Please write out all of the entries beneath this line exactly, skipping the pictures.

Dataset extract below:

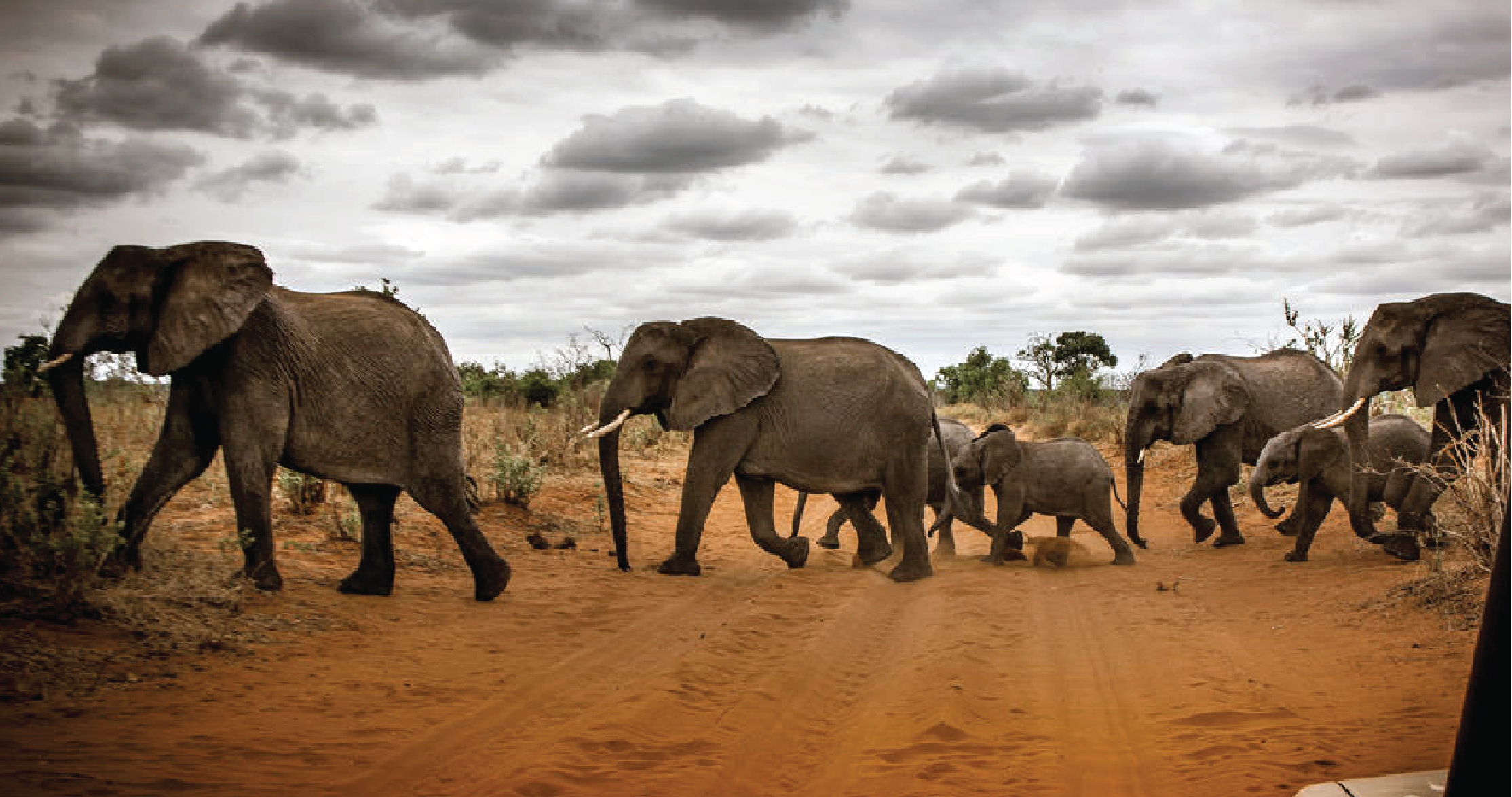 Inland safari tour itenaries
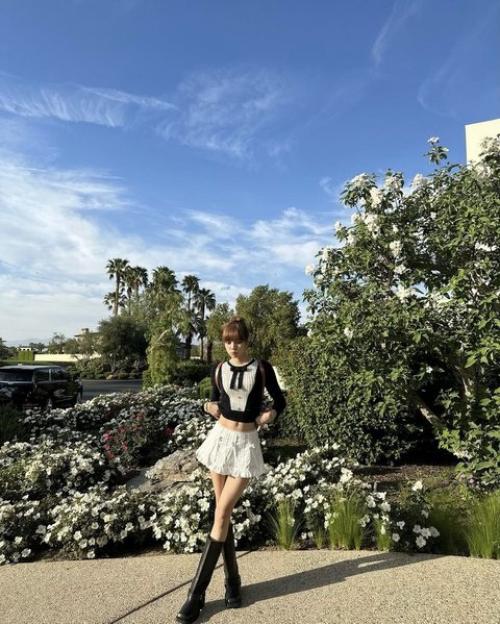 240423: лиса с Билли айлиш. 04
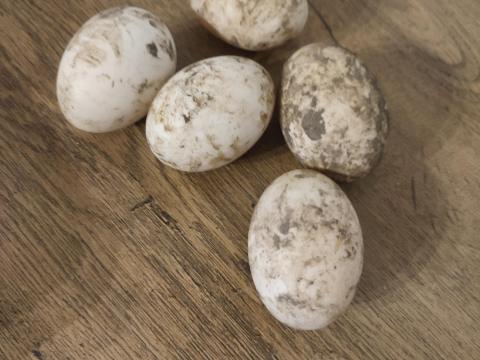 Kacsatojás eladó Hódmezővásárhelyen Kacsatojás eladó Hódmezővásárhelyen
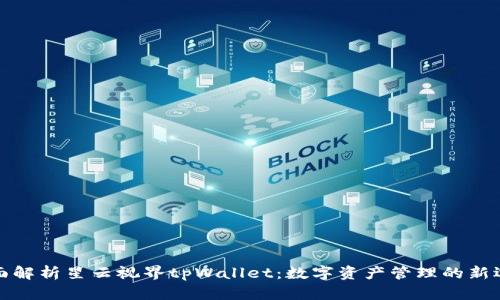 全面解析星云视界tpWallet：数字资产管理的新选择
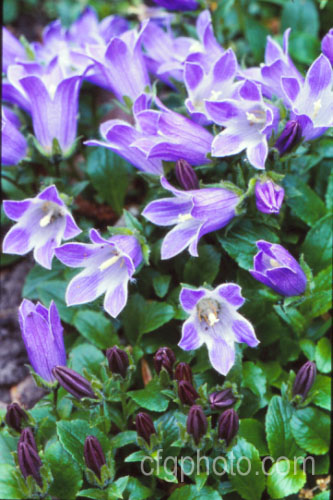 Campanula x pulloides (<i>Campanula carpatica var. turbinata x Campanula pulla</i>), a low, spreading, garden-raised hybrid bellflower with relatively large purple-mauve flowers. Order: Asterales, Family: Campanulaceae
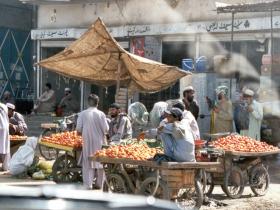 Explore the local markets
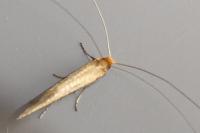 Nematopogon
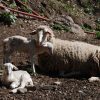 Gli animali della nostra fattoria: le pecore e gli asinelli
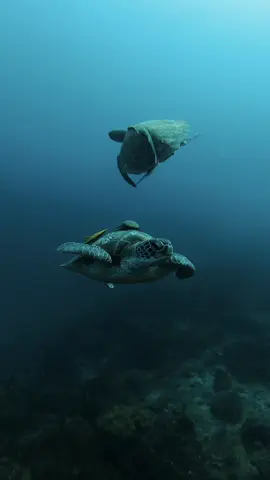 De los momentos más bonitos que me regaló el mar.#scubadiving #diving #diving_photography #dive #scubadiver #scubagirl #scubagirl #scubagirls #turtles #oceanos #dive #oceano #sea 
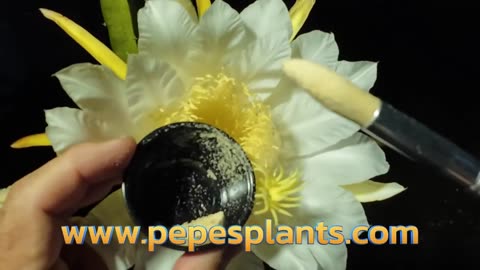 Tips for Successful Dragon Fruit Pollination - Natural Mystic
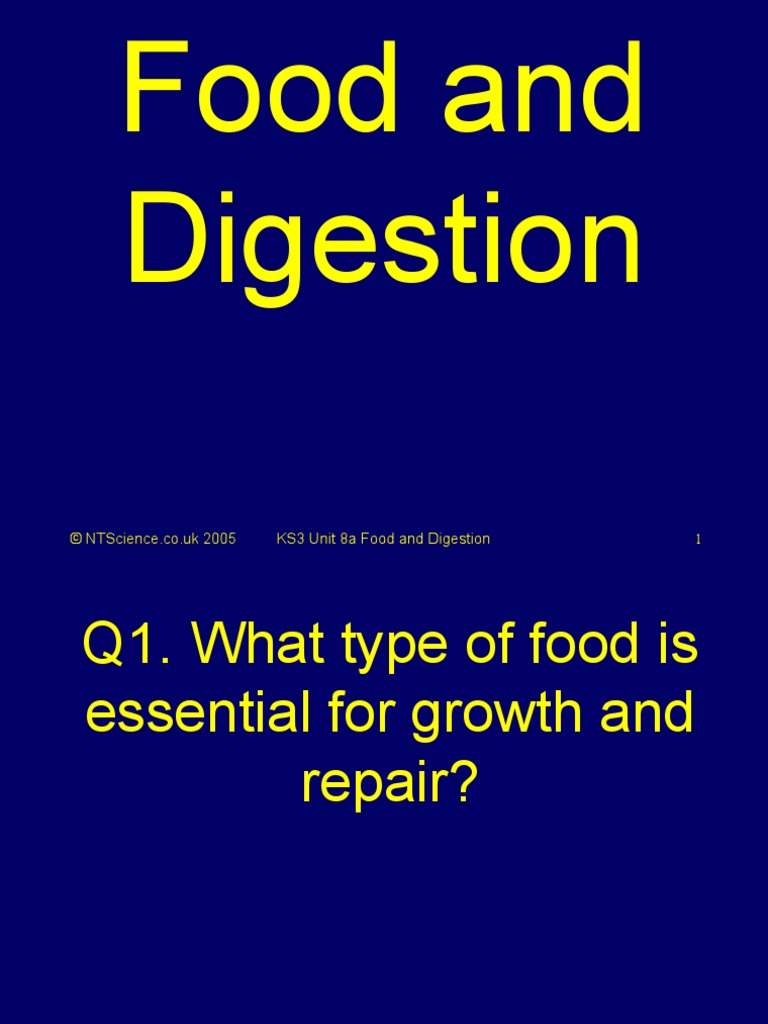 8a Food Digestion Science Quiz Digestion Gastrointestinal Tract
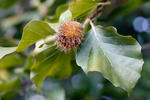 Fagus sylvatica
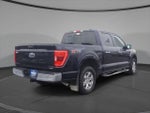 2023 F-150 Thumbnail 5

End of Dataset extract.

* [Output for this task]
 Inland safari tour itenaries
 240423: лиса с Билли айлиш. 04
 Kacsatojás eladó Hódmezővásárhelyen Kacsatojás eladó Hódmezővásárhelyen
 全面解析星云视界tpWallet：数字资产管理的新选择
 Campanula x pulloides (<i>Campanula carpatica var. turbinata x Campanula pulla</i>), a low, spreading, garden-raised hybrid bellflower with relatively large purple-mauve flowers. Order: Asterales, Family: Campanulaceae
 Explore the local markets
 Nematopogon
 Gli animali della nostra fattoria: le pecore e gli asinelli
 De los momentos más bonitos que me regaló el mar.#scubadiving #diving #diving_photography #dive #scubadiver #scubagirl #scubagirl #scubagirls #turtles #oceanos #dive #oceano #sea 
 Tips for Successful Dragon Fruit Pollination - Natural Mystic
 8a Food Digestion Science Quiz Digestion Gastrointestinal Tract
 Fagus sylvatica
 2023 F-150 Thumbnail 5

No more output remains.